## WORK TO COMPLETE
Write out the data once more, exactly as it reads.
==== DATA IN THIS EXERCISE ====
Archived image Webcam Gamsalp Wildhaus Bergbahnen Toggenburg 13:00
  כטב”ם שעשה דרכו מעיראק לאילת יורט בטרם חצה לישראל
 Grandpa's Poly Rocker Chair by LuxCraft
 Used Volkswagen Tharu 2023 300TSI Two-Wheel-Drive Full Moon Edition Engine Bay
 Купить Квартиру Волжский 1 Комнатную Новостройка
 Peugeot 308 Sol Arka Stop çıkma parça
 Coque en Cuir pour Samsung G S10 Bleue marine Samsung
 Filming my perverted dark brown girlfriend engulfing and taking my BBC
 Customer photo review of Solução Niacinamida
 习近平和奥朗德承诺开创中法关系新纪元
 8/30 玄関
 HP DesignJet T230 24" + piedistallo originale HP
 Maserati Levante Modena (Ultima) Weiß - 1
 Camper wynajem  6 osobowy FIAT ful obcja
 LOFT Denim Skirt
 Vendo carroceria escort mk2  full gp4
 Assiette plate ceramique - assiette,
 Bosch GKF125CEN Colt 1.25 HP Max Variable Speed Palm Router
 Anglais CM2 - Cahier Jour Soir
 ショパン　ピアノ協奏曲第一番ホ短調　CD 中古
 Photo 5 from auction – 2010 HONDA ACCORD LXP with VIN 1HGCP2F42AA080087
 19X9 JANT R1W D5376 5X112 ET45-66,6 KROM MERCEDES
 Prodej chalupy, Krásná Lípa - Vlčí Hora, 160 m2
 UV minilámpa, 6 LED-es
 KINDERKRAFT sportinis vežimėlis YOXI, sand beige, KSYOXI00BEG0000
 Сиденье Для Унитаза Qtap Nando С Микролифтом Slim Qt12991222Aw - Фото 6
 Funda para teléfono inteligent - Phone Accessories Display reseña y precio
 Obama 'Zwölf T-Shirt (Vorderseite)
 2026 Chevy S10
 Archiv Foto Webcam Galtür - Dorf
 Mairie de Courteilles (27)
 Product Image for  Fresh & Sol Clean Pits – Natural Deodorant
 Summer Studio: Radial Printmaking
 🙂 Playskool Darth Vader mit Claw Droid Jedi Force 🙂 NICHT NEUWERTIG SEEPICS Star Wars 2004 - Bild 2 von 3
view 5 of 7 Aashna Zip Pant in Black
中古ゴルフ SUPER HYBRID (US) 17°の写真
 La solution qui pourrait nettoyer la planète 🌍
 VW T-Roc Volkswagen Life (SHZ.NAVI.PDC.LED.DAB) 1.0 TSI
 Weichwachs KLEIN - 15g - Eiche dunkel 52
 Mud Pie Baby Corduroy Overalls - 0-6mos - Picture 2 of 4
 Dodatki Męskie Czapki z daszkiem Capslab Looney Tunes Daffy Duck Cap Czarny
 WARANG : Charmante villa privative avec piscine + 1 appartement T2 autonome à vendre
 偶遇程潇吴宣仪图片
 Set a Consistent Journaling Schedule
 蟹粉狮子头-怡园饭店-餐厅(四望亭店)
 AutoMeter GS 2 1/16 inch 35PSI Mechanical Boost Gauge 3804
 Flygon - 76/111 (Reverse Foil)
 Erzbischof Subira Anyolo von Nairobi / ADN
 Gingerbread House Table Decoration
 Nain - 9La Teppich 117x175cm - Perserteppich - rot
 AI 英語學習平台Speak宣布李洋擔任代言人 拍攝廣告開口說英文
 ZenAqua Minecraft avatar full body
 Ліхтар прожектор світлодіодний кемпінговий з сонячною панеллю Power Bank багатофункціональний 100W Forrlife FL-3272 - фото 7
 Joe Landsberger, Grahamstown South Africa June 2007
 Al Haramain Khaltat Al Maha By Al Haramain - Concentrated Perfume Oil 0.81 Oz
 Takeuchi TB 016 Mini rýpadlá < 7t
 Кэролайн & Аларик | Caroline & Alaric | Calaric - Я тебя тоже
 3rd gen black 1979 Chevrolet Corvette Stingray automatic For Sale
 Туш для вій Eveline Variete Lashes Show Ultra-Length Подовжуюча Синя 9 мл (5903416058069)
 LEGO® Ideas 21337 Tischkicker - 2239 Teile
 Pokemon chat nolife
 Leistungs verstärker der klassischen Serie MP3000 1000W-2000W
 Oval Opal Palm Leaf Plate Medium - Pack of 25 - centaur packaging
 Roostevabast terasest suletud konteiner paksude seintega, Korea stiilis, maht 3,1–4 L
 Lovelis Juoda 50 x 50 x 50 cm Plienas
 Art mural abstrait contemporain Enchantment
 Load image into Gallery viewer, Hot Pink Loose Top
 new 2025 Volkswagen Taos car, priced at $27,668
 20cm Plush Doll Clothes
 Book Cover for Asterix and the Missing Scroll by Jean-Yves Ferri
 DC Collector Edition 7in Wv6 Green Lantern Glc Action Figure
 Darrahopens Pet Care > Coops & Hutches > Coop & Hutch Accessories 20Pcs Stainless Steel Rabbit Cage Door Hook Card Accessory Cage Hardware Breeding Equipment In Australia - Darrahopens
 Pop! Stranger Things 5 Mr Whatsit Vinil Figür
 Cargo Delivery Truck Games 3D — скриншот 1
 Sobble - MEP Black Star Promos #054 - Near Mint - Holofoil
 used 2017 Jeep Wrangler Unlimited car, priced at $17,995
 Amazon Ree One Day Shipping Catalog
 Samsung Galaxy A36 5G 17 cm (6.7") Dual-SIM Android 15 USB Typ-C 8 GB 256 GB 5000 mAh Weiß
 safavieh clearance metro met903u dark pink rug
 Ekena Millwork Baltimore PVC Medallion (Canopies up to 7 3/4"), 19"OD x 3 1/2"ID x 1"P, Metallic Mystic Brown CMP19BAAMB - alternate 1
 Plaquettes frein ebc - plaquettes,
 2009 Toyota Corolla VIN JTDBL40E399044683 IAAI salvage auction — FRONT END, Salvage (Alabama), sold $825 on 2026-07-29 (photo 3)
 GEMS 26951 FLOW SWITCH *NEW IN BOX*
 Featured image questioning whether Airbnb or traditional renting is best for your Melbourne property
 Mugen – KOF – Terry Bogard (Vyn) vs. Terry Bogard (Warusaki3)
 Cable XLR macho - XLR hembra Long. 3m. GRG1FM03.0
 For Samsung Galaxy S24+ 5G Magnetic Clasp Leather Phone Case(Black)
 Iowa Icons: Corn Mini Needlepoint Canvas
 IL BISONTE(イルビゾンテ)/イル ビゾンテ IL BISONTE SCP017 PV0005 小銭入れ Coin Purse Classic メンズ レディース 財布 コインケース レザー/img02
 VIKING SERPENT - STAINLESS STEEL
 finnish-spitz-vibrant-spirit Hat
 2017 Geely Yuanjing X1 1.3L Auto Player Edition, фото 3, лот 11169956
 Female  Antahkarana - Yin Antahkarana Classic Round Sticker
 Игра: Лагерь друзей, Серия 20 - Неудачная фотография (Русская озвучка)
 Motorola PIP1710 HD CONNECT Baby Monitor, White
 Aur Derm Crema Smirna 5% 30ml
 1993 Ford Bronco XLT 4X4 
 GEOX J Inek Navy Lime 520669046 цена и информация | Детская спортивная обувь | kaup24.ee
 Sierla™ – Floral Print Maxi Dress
====
## EXERCISE RESPONSE
Archived image Webcam Gamsalp Wildhaus Bergbahnen Toggenburg 13:00
  כטב”ם שעשה דרכו מעיראק לאילת יורט בטרם חצה לישראל
 Grandpa's Poly Rocker Chair by LuxCraft
 Used Volkswagen Tharu 2023 300TSI Two-Wheel-Drive Full Moon Edition Engine Bay
 Купить Квартиру Волжский 1 Комнатную Новостройка
 Peugeot 308 Sol Arka Stop çıkma parça
 Coque en Cuir pour Samsung G S10 Bleue marine Samsung
 Filming my perverted dark brown girlfriend engulfing and taking my BBC
 Customer photo review of Solução Niacinamida
 习近平和奥朗德承诺开创中法关系新纪元
 8/30 玄関
 HP DesignJet T230 24" + piedistallo originale HP
 Maserati Levante Modena (Ultima) Weiß - 1
 Camper wynajem  6 osobowy FIAT ful obcja
 LOFT Denim Skirt
 Vendo carroceria escort mk2  full gp4
 Assiette plate ceramique - assiette,
 Bosch GKF125CEN Colt 1.25 HP Max Variable Speed Palm Router
 Anglais CM2 - Cahier Jour Soir
 ショパン　ピアノ協奏曲第一番ホ短調　CD 中古
 Photo 5 from auction – 2010 HONDA ACCORD LXP with VIN 1HGCP2F42AA080087
 19X9 JANT R1W D5376 5X112 ET45-66,6 KROM MERCEDES
 Prodej chalupy, Krásná Lípa - Vlčí Hora, 160 m2
 UV minilámpa, 6 LED-es
 KINDERKRAFT sportinis vežimėlis YOXI, sand beige, KSYOXI00BEG0000
 Сиденье Для Унитаза Qtap Nando С Микролифтом Slim Qt12991222Aw - Фото 6
 Funda para teléfono inteligent - Phone Accessories Display reseña y precio
 Obama 'Zwölf T-Shirt (Vorderseite)
 2026 Chevy S10
 Archiv Foto Webcam Galtür - Dorf
 Mairie de Courteilles (27)
 Product Image for  Fresh & Sol Clean Pits – Natural Deodorant
 Summer Studio: Radial Printmaking
 🙂 Playskool Darth Vader mit Claw Droid Jedi Force 🙂 NICHT NEUWERTIG SEEPICS Star Wars 2004 - Bild 2 von 3
view 5 of 7 Aashna Zip Pant in Black
中古ゴルフ SUPER HYBRID (US) 17°の写真
 La solution qui pourrait nettoyer la planète 🌍
 VW T-Roc Volkswagen Life (SHZ.NAVI.PDC.LED.DAB) 1.0 TSI
 Weichwachs KLEIN - 15g - Eiche dunkel 52
 Mud Pie Baby Corduroy Overalls - 0-6mos - Picture 2 of 4
 Dodatki Męskie Czapki z daszkiem Capslab Looney Tunes Daffy Duck Cap Czarny
 WARANG : Charmante villa privative avec piscine + 1 appartement T2 autonome à vendre
 偶遇程潇吴宣仪图片
 Set a Consistent Journaling Schedule
 蟹粉狮子头-怡园饭店-餐厅(四望亭店)
 AutoMeter GS 2 1/16 inch 35PSI Mechanical Boost Gauge 3804
 Flygon - 76/111 (Reverse Foil)
 Erzbischof Subira Anyolo von Nairobi / ADN
 Gingerbread House Table Decoration
 Nain - 9La Teppich 117x175cm - Perserteppich - rot
 AI 英語學習平台Speak宣布李洋擔任代言人 拍攝廣告開口說英文
 ZenAqua Minecraft avatar full body
 Ліхтар прожектор світлодіодний кемпінговий з сонячною панеллю Power Bank багатофункціональний 100W Forrlife FL-3272 - фото 7
 Joe Landsberger, Grahamstown South Africa June 2007
 Al Haramain Khaltat Al Maha By Al Haramain - Concentrated Perfume Oil 0.81 Oz
 Takeuchi TB 016 Mini rýpadlá < 7t
 Кэролайн & Аларик | Caroline & Alaric | Calaric - Я тебя тоже
 3rd gen black 1979 Chevrolet Corvette Stingray automatic For Sale
 Туш для вій Eveline Variete Lashes Show Ultra-Length Подовжуюча Синя 9 мл (5903416058069)
 LEGO® Ideas 21337 Tischkicker - 2239 Teile
 Pokemon chat nolife
 Leistungs verstärker der klassischen Serie MP3000 1000W-2000W
 Oval Opal Palm Leaf Plate Medium - Pack of 25 - centaur packaging
 Roostevabast terasest suletud konteiner paksude seintega, Korea stiilis, maht 3,1–4 L
 Lovelis Juoda 50 x 50 x 50 cm Plienas
 Art mural abstrait contemporain Enchantment
 Load image into Gallery viewer, Hot Pink Loose Top
 new 2025 Volkswagen Taos car, priced at $27,668
 20cm Plush Doll Clothes
 Book Cover for Asterix and the Missing Scroll by Jean-Yves Ferri
 DC Collector Edition 7in Wv6 Green Lantern Glc Action Figure
 Darrahopens Pet Care > Coops & Hutches > Coop & Hutch Accessories 20Pcs Stainless Steel Rabbit Cage Door Hook Card Accessory Cage Hardware Breeding Equipment In Australia - Darrahopens
 Pop! Stranger Things 5 Mr Whatsit Vinil Figür
 Cargo Delivery Truck Games 3D — скриншот 1
 Sobble - MEP Black Star Promos #054 - Near Mint - Holofoil
 used 2017 Jeep Wrangler Unlimited car, priced at $17,995
 Amazon Ree One Day Shipping Catalog
 Samsung Galaxy A36 5G 17 cm (6.7") Dual-SIM Android 15 USB Typ-C 8 GB 256 GB 5000 mAh Weiß
 safavieh clearance metro met903u dark pink rug
 Ekena Millwork Baltimore PVC Medallion (Canopies up to 7 3/4"), 19"OD x 3 1/2"ID x 1"P, Metallic Mystic Brown CMP19BAAMB - alternate 1
 Plaquettes frein ebc - plaquettes,
 2009 Toyota Corolla VIN JTDBL40E399044683 IAAI salvage auction — FRONT END, Salvage (Alabama), sold $825 on 2026-07-29 (photo 3)
 GEMS 26951 FLOW SWITCH *NEW IN BOX*
 Featured image questioning whether Airbnb or traditional renting is best for your Melbourne property
 Mugen – KOF – Terry Bogard (Vyn) vs. Terry Bogard (Warusaki3)
 Cable XLR macho - XLR hembra Long. 3m. GRG1FM03.0
 For Samsung Galaxy S24+ 5G Magnetic Clasp Leather Phone Case(Black)
 Iowa Icons: Corn Mini Needlepoint Canvas
 IL BISONTE(イルビゾンテ)/イル ビゾンテ IL BISONTE SCP017 PV0005 小銭入れ Coin Purse Classic メンズ レディース 財布 コインケース レザー/img02
 VIKING SERPENT - STAINLESS STEEL
 finnish-spitz-vibrant-spirit Hat
 2017 Geely Yuanjing X1 1.3L Auto Player Edition, фото 3, лот 11169956
 Female  Antahkarana - Yin Antahkarana Classic Round Sticker
 Игра: Лагерь друзей, Серия 20 - Неудачная фотография (Русская озвучка)
 Motorola PIP1710 HD CONNECT Baby Monitor, White
 Aur Derm Crema Smirna 5% 30ml
 1993 Ford Bronco XLT 4X4 
 GEOX J Inek Navy Lime 520669046 цена и информация | Детская спортивная обувь | kaup24.ee
 Sierla™ – Floral Print Maxi Dress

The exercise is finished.